What a Man’s Wallet Reveals….
Every woman notices a good-looking guy. His eyes, smile, hair and posture reveal public stories about his personality. But for the woman who wants to go deeper, she will get more insight by looking to see what a man has in his pocket.
A wallet is one of the first things every woman notices in a man whether she realizes it or not. The wallet gives us clues into how a man spends his money, what he thinks of it, how comfortable he feels in his own clothes. The style of wallet (leather, bi-fold, velcro even a money clip), give us clues that help us determine whether a guy is messy, organized, pompous, cheap, irresponsible and so on. Just like a handbag or purse gives insight into a woman’s personality, the wallet takes us into the male psyche. It is afterall, the equivalent of a male handbag.

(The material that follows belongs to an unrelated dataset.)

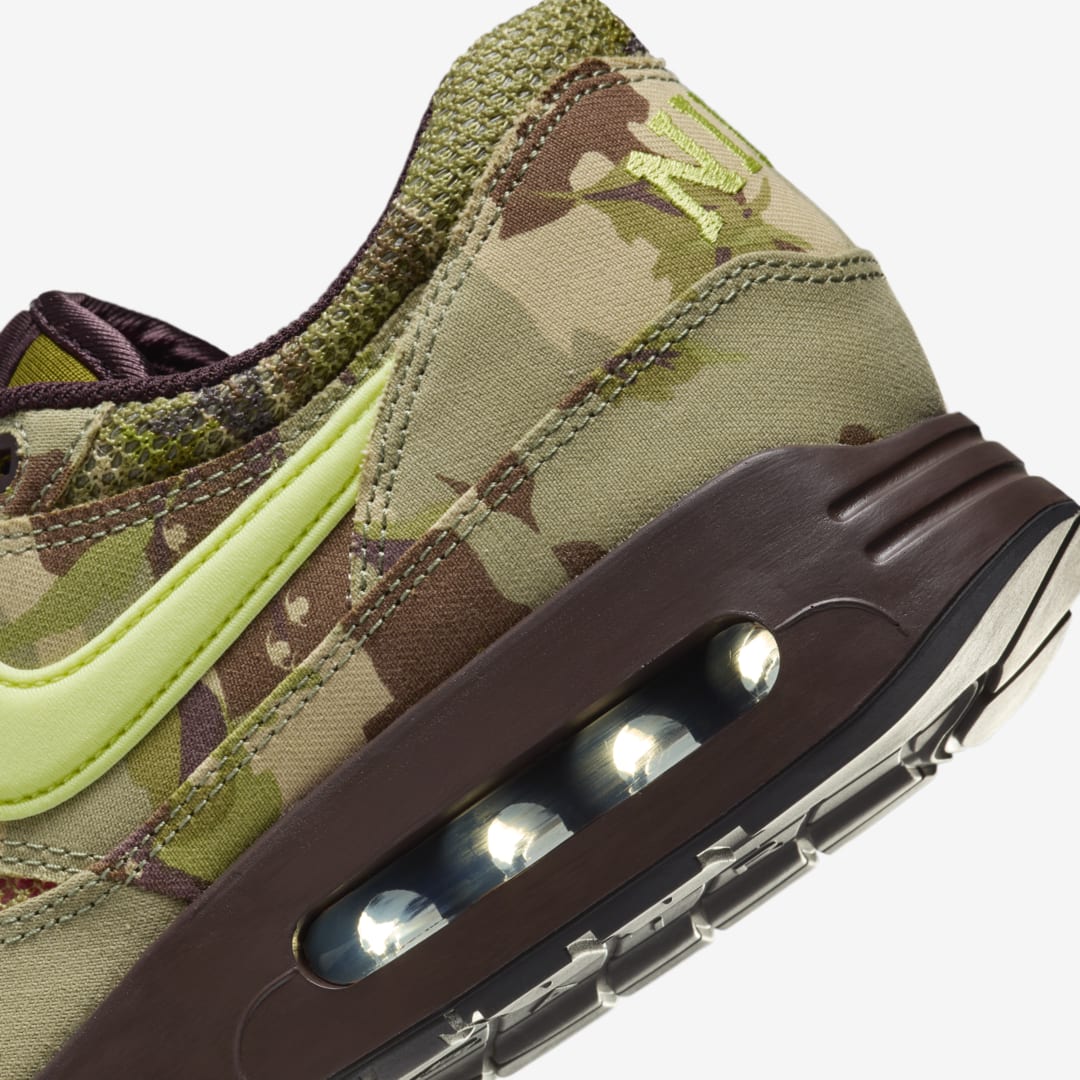 - HQZ Nike Air Max 1'86 OG FN8358-200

Remember that George Costanza episode on Seinfeld where he opened up his bulging wallet and showed Jerry a bi-fold bigger than a burger? That episode resonated with viewers because it was so true. (Click here to watch that short Seinfeld clip on Costanza’s exploding wallet). Jerry had his opinions on what that wallet told men. Here is my take on what that wallet and others reveals to women.
No Wallet: This is a major red flag. No wallet tells us you are irresponsible and have no money. Sure, not every woman wants a guy with money, but we do want someone who is at least responsible. It doesn’t look professional, hip or cool to see a guy fumbling through his pockets, looking for a credit card or cash. If you’re trying to get a girl who wants any form of possession (and that includes something as small as a meal), go out and buy yourself a wallet tonight.
The Money Clip: You are a showoff. Is there a reason all your hundreds and fifties need to be taken out at once? It looks like your bringing out your life savings. Maybe your desire to show off is because you’re lacking somewhere else. Most women love money especially a man with it, but a money clip makes you look like a pompous asshole. Lose it ASAP.
The Velcro Wallet: You look like a teenage boy who carries around a wallet with no money in it. Maybe you do spend the summers on Long Beach with a surfboard, but there’s no reason why you need a wet-proof wallet at night. This kind of wallet makes me question your social skills as well because the Velcro wallet is so passé.
The Single-Fold Wallet: Everything in this wallet has a certain place from your cash to your credit cards. You are financially dependent and appear to have structure in your life. You are not only financially stable but organized and neat as well. This shows us that you can take care of yourself as well as the woman in your life.
The “Bulging” Wallet: Did George Costanza ever get the girl? Nope and I suspect his wallet played a role in that. The bulging wallet suggests to women that you are a hoarder or packrat. Plus, it’s not attractive to see a wallet bulging out of a man’s pocket. Do yourself a favor and go throw out the receipts from five years ago. Not only do you look like a slob who’s afraid to throw things away, you look like you’re living in the past. No woman in the world wants to be with a man who dwells on what his life used to be. It’s all about where you’re going.
The Card Holder Wallet: This is the efficient man. Any guy who can cram credit cards, license and business cards into a wallet of this size has to be efficient. He’s also probably comfortable in his own skin because he doesn’t feel the need to impress women with his material wealth or credit score.
The next time you pull out your wallet to grab the check, take a minute to see where the woman’s eyes go. I bet you, they gravitate towards your wallet. And don’t assume she’s wondering if you are paying. She’s probably looking at that wallet, trying to get a little more insight into the man holding it.